Thursday, February 4, 2016
I have been thinking about joy this week. Even the word "joy" brings about a shift in energy, doesn't it? I instinctively begin reaching, as if I could grasp that beautiful feeling, holding it close. I taught a few yoga classes today, and I read this quote throughout my classes.
"Difficult times are your greatest opportunity to practice yourself into joy."
~The Secret Scrolls by Rhonda Byrne
Does that mean you choose joy or happiness? No, not all of the time, or at least I don't think so...
I disagree with telling people that they can choose to be happy.

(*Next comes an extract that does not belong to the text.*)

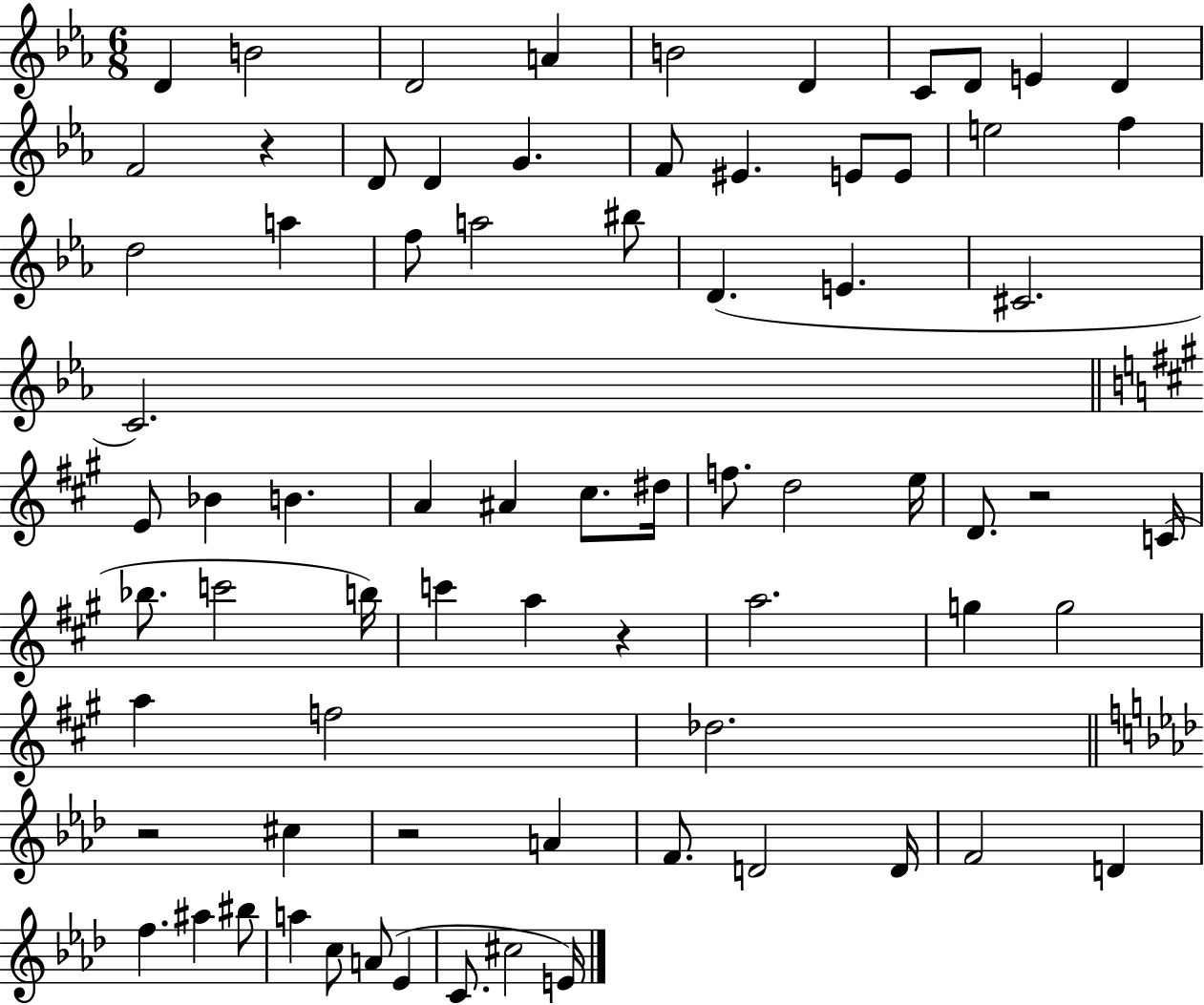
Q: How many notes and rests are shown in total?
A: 74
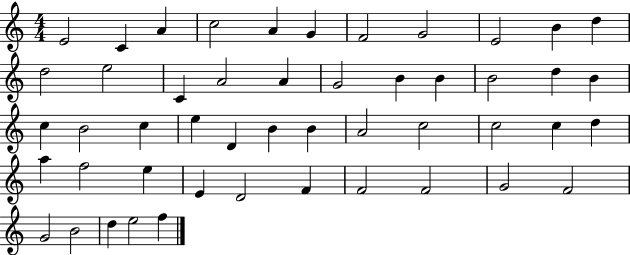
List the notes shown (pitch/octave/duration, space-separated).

E4/h C4/q A4/q C5/h A4/q G4/q F4/h G4/h E4/h B4/q D5/q D5/h E5/h C4/q A4/h A4/q G4/h B4/q B4/q B4/h D5/q B4/q C5/q B4/h C5/q E5/q D4/q B4/q B4/q A4/h C5/h C5/h C5/q D5/q A5/q F5/h E5/q E4/q D4/h F4/q F4/h F4/h G4/h F4/h G4/h B4/h D5/q E5/h F5/q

It isn't a light switch that you can turn on and off, and no one would choose depression. Like anything you are striving for in life, it is a practice. Especially when I am in the depths of winter, and the shadows lengthen over me, I pursue those experiences and people that bring me joy. Close your eyes, and breathe joy; Taste joy, smell, joy, touch and remember those times of complete surrender. Anything you are passionate about takes practice. We may have an innate gift or talent, but it still takes refinement to excel in anything. Writing brings me joy. I can lose myself in the process, and is as healing and necessary to me as breathing. I often struggle to stay present. I am a worrier by nature, but the process of observation draws me into the present moment. All five senses are activated, and I feel with the entirety of who I am. I not only see who I am, but everything around me becomes crystal clear as well. It is magical, and I don't take it for granted. I also forget...I fall into the darkness. My breath becomes shallow, I hide in dusty corners, and I forget the light, which is all of the joy I have ever known. It is a practice, this joy I speak of...
When you forget, make a "joy list." Pull it out in times of darkness. Close your eyes, and breathe. Remember joy, cultivate joy, and practice. Difficult times are a wake up call.
"For hours, we lay in it, wanting for nothing, turning blades of grass into butterflies with just the touch of our fingers, whatever we imagined made real by our will and desire."